[EM] Why the concept of "sincere" votes in Range is flawed.
Jonathan Lundell
jlundell at pobox.com
Tue Dec 2 13:47:38 PST 2008
On Dec 2, 2008, at 1:24 PM, Abd ul-Rahman Lomax wrote:
> Yes. Preference can be determined, generally, rather easily, by one
> of two methods. The first method is pairwise comparison. With a
> series of pairwise comparisons, we can construct a rank order.
> Usually. It's possible, because different issue spaces get involved
> in each choice, that this will result in a Condorcet cycle. But that
> is rare.
>
> The second method, though, bypasses Condorcet cycles, because it is
> essentially a Range method! That is, we look at the entire set of
> candidates and pick our favorite, then set this aside, having
> determined the rank of that candidate. We then look again, etc.
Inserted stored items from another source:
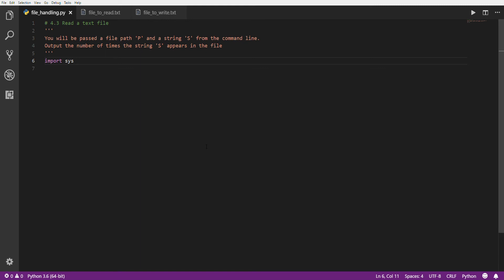Now let's get into file input and file output — reading and writing files. This is very useful, especially if you want to keep data from a program. If you run your program and want to save any information, you're going to need a file. Or if you want to transfer data from one location to another, you're probably going to need a file.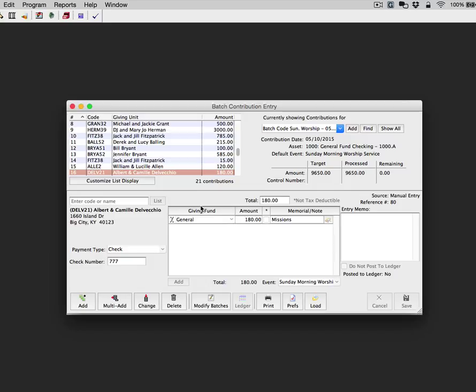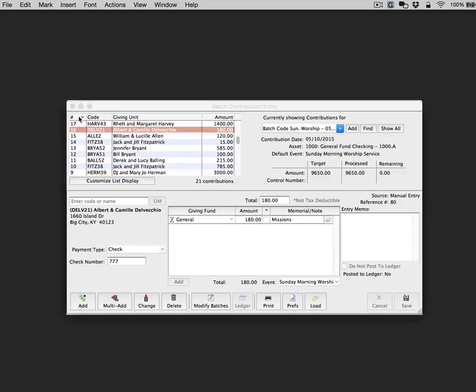Notice that you now have two additional columns displayed. The Sequence column, identified by the pound sign, is the entry order in which the contributions were entered. If you click once on the column header in column 1, the results will be sorted in the entry order sequence.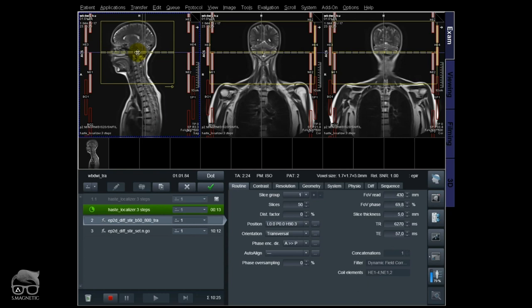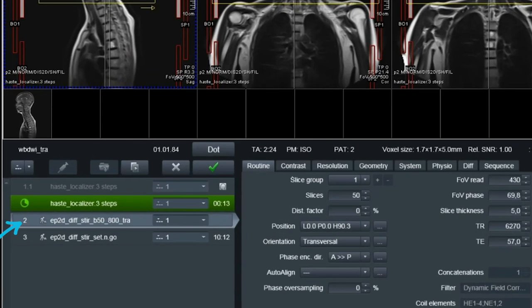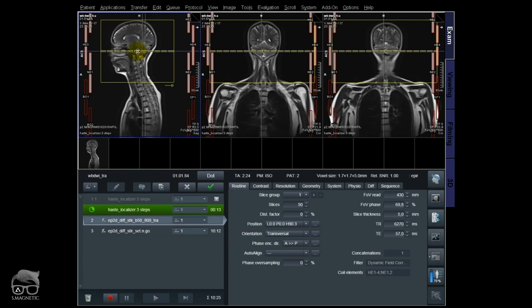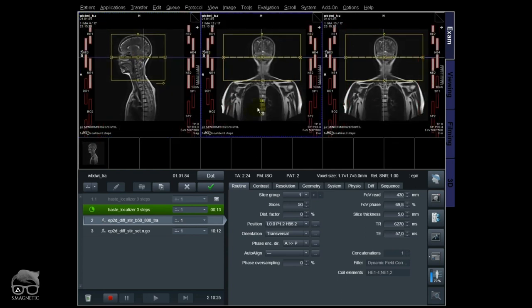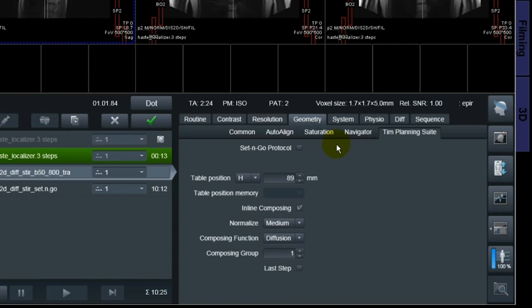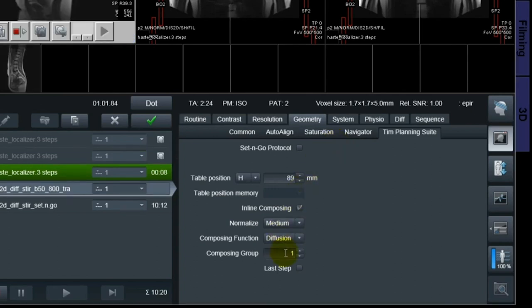Starting here, you have a few options. You can see sequence number two — it's done manually, one step at a time — and then I have 'Set and Go,' which I'm going to show you later via TIM planning. While the localizer is running, I'm planning my first diffusion step right now so there's no dead time in the scanner. In the TIM planning suite — this is an option when buying a scanner — it's easier to plan sequences when you have multiple steps.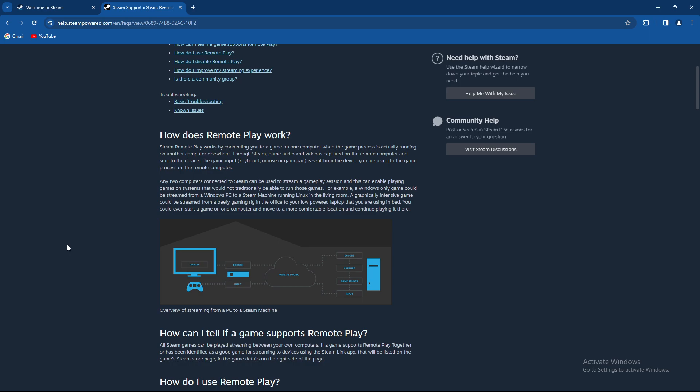Through Steam, game audio and video is captured on the remote computer and sent to the device. The game input, which is keyboard, mouse, and gamepad, is sent from the device you are using to the game process on the remote computer.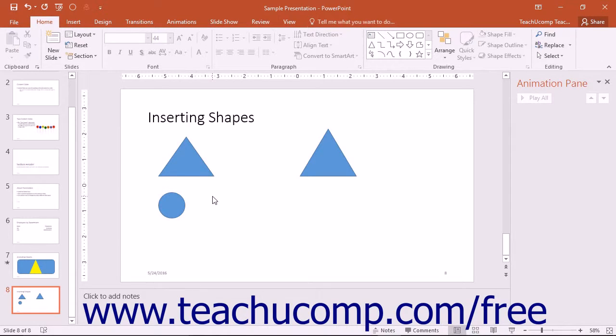After inserting a shape into your slide, the mouse pointer returns to its default behavior and you exit PowerPoint's drawing mode.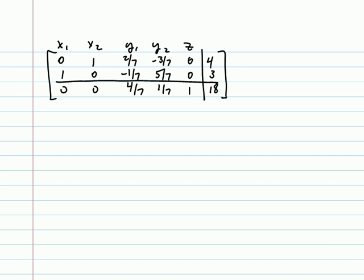Okay, we have now come to this tableau and looking in the last row, we notice we have no negative entries. So we are optimal.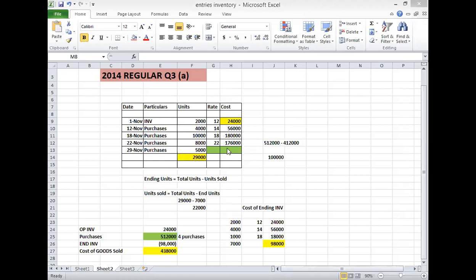If you have such a question, the first job is to make an inventory cost sheet. You have to include your opening inventory and your purchases. This is the sheet, and I have totaled it - 29,000 units we have available as total units. After that, we calculated the ending inventory cost.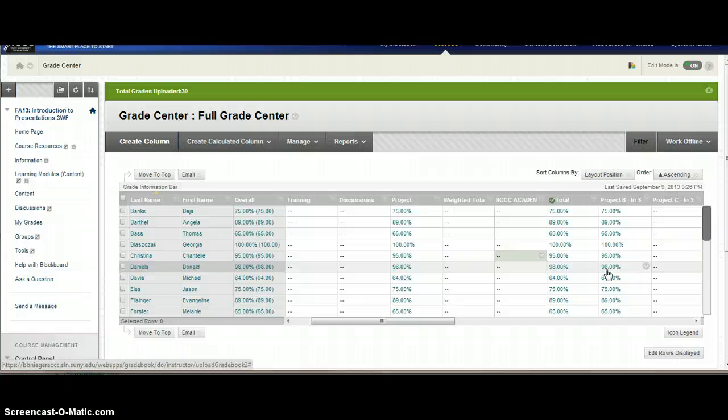When you upload it, it lets you confirm to make sure that the grades you've added in are the correct grades. So that's how you can upload a downloaded file that you've created from the grade center and grade book.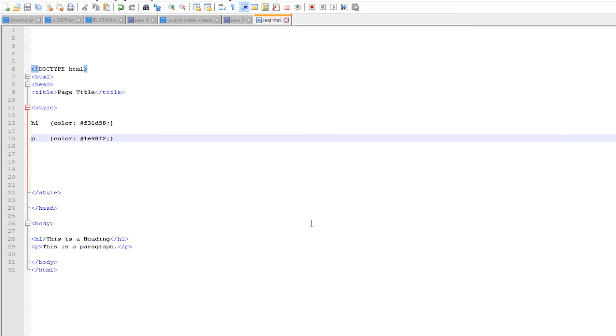So guys, this is the simplest way to add color picker in Notepad++ 32-bit version. So guys, enjoy the new color picker. Thank you for watching this video, and don't forget to like, share, comment on this video, and don't forget to subscribe this channel. Thank you guys.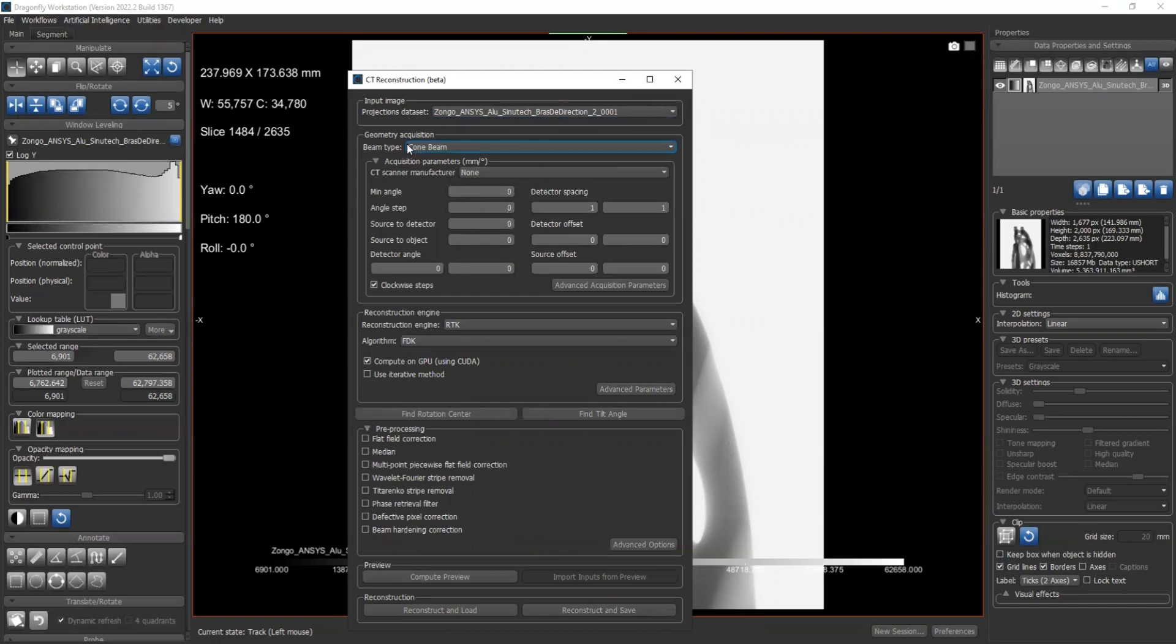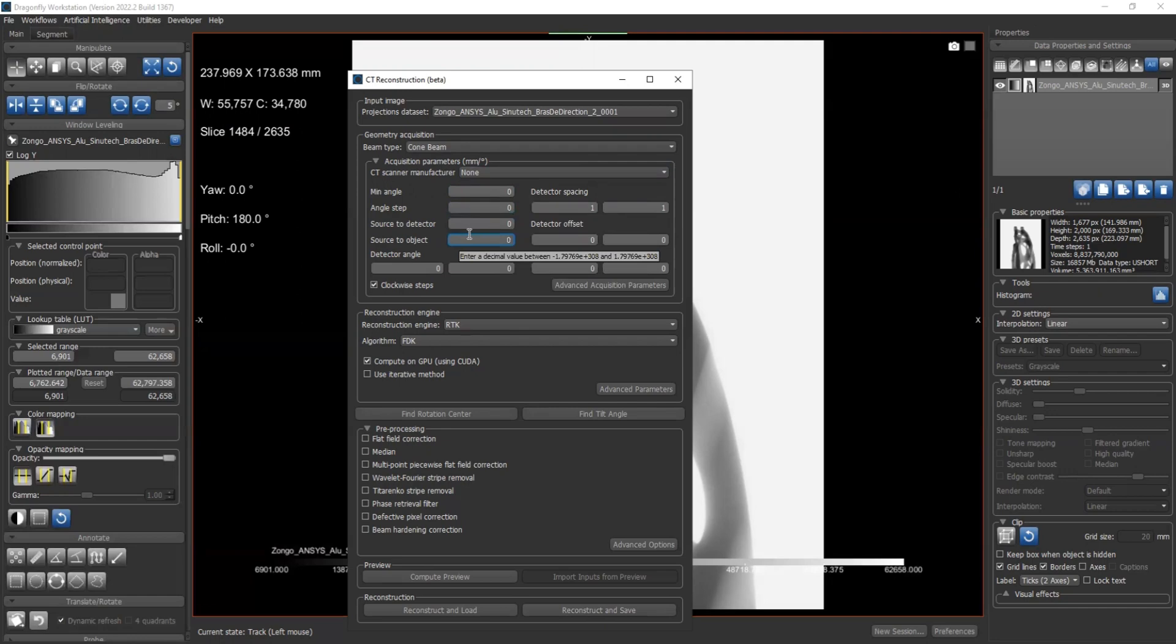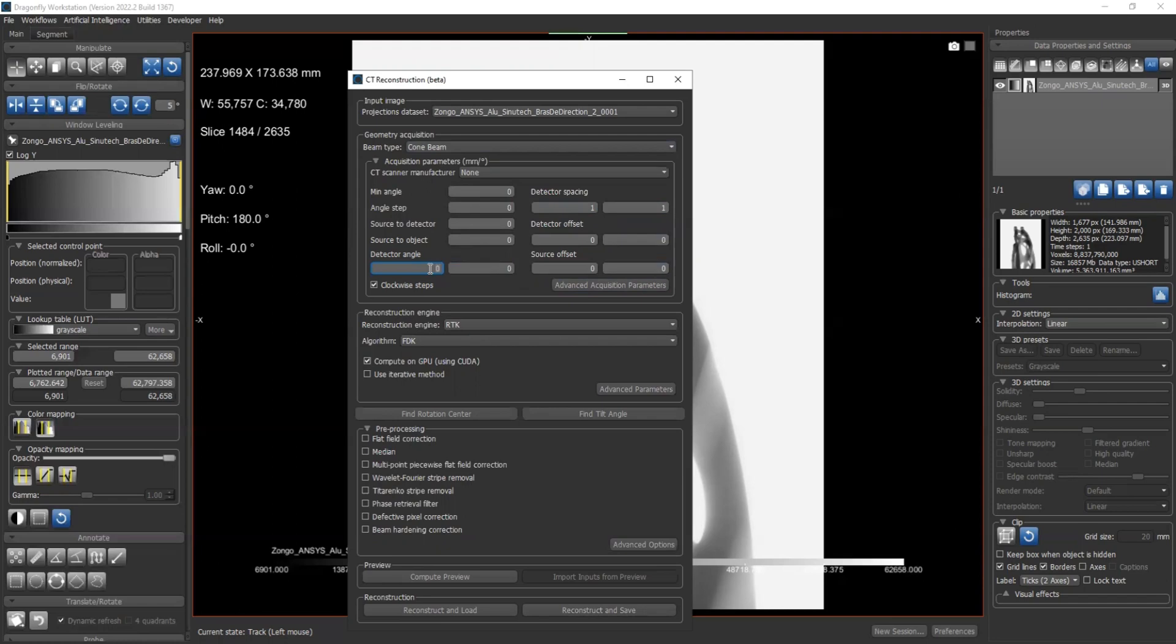So for the third step, we need to fill out the geometry acquisition part. First, beam type. Of course, it's a cone beam dataset. Now we have a series of parameters in the acquisition parameters part, including minimum angle - normally it's zero - angle step, source to detector distance, and source to object distance. On the right we have detector spacing along the x and along the y, the detector offset and the source offset along the x and along the y respectively. Also, the detector angle - the first one is in-plane angle and the second one is out-of-plane angle.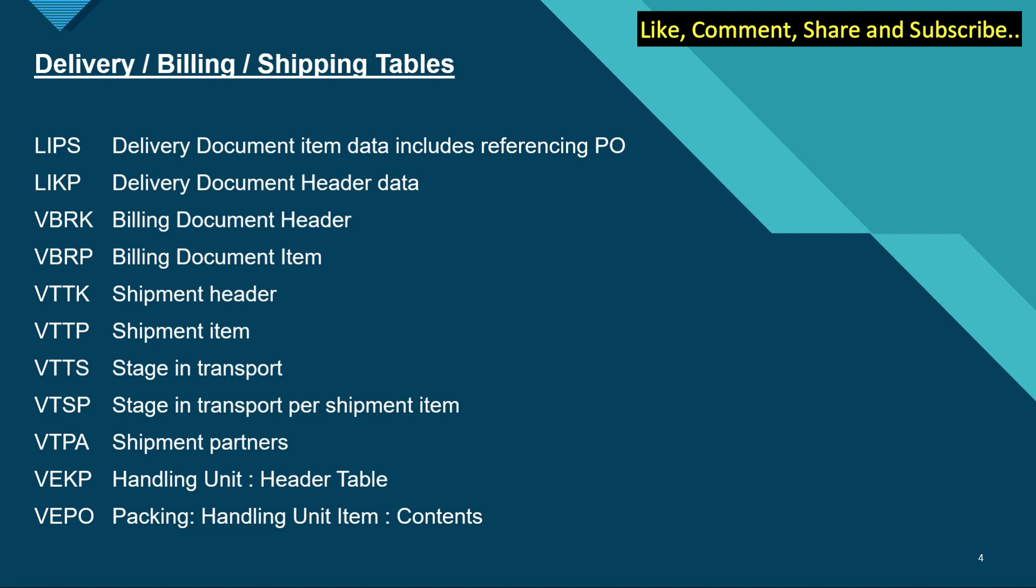For shipment header it is VTTK, a very important table. VTTP is for shipment item, VTTS is stage in transport, VTSP is the stage in transport per shipment item, VTPA is the shipment partners, VEKP is the handling unit header table, and VEPO is packing handling unit items contents.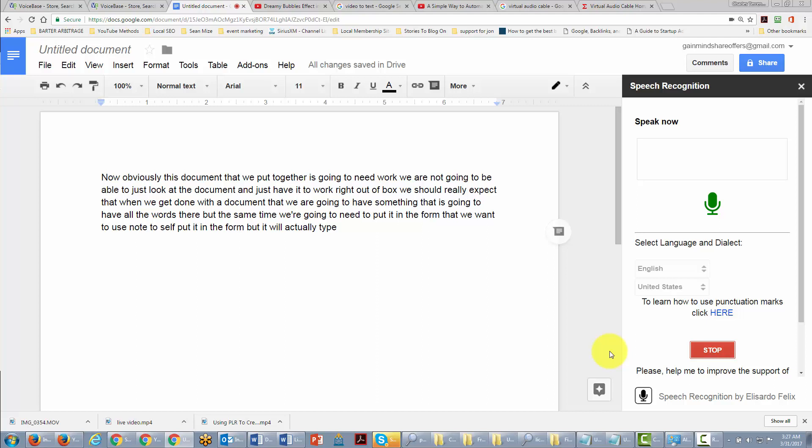Once again, there are other engines that do this. This is an online engine. It is subject to your Internet connection. It's subject to a lot of different things because it's on Google Docs. It's not going to be as reliable as something that you have on your desktop, obviously. So the other way to do this, once again,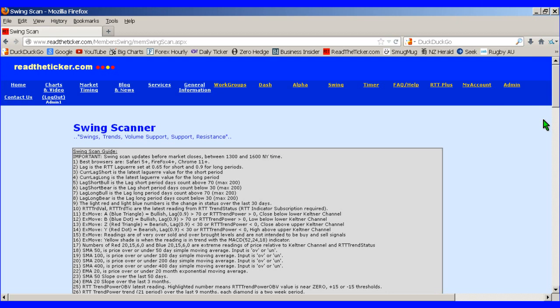Welcome to ReadYourTicket.com. Today we're going to show off a little trick within ReadYourTicket.com.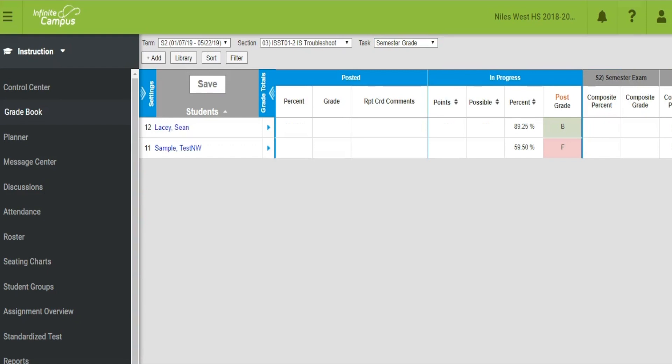Semester grades can be posted and modified while the grading window is open, which is generally the week of finals until the cutoff time when grades are collected.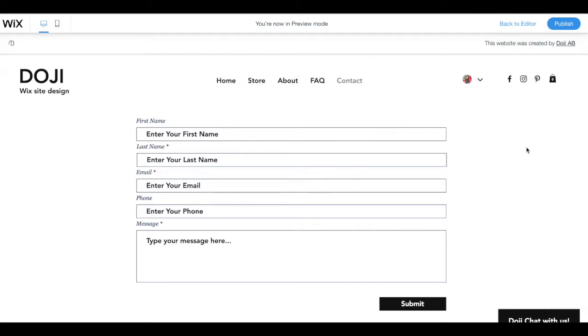Hi there, in this video I'm going to show you how to set up the automation email for Wix forms. It does not matter if it's a subscription form or a contact form or questionnaires, all forms work the same.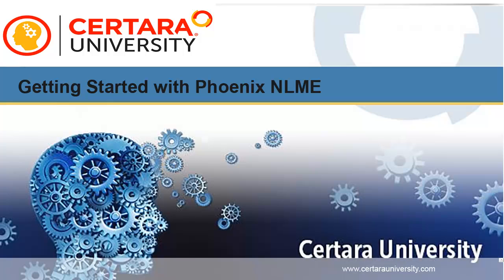Welcome to this brief tutorial brought to you by Certara University. This video is not intended as a substitute for training and is only to provide an overview to getting started with Phoenix NLME.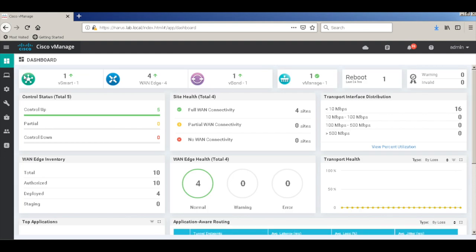Thus, with a few simple configuration steps, you can bring up the device into the Cisco SD-WAN fabric. That's it for this demo. And thanks for watching.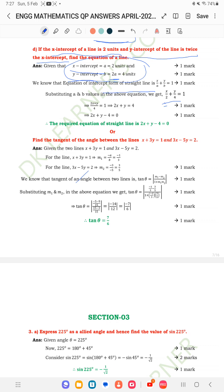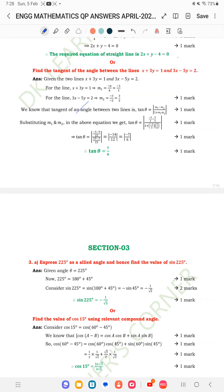While writing your exam, you have to write neatly — state what is given, write the formula, and then write the required equation of the straight line. This will attract the examiner while correcting the paper. Attraction is important while writing your exam sheet. Don't write clumsily; clearly mention everything on your exam paper. Don't be afraid while writing your exam.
We
> can also run this from the bottom, which of these is worst -- as far
> as we know (same restriction on the top, by the way, maybe one of
> those middle candidates is actually quite good, but we just don't
> know it yet. This is one reason why runoff voting can be much better
> than fixed-preference voting theory would predict.)
There's a third method, namely the one used for STV/IRV voting: pick
an overall favorite from the entire field, and then iterate, in each
iteration excluding already-ranked candidates from consideration.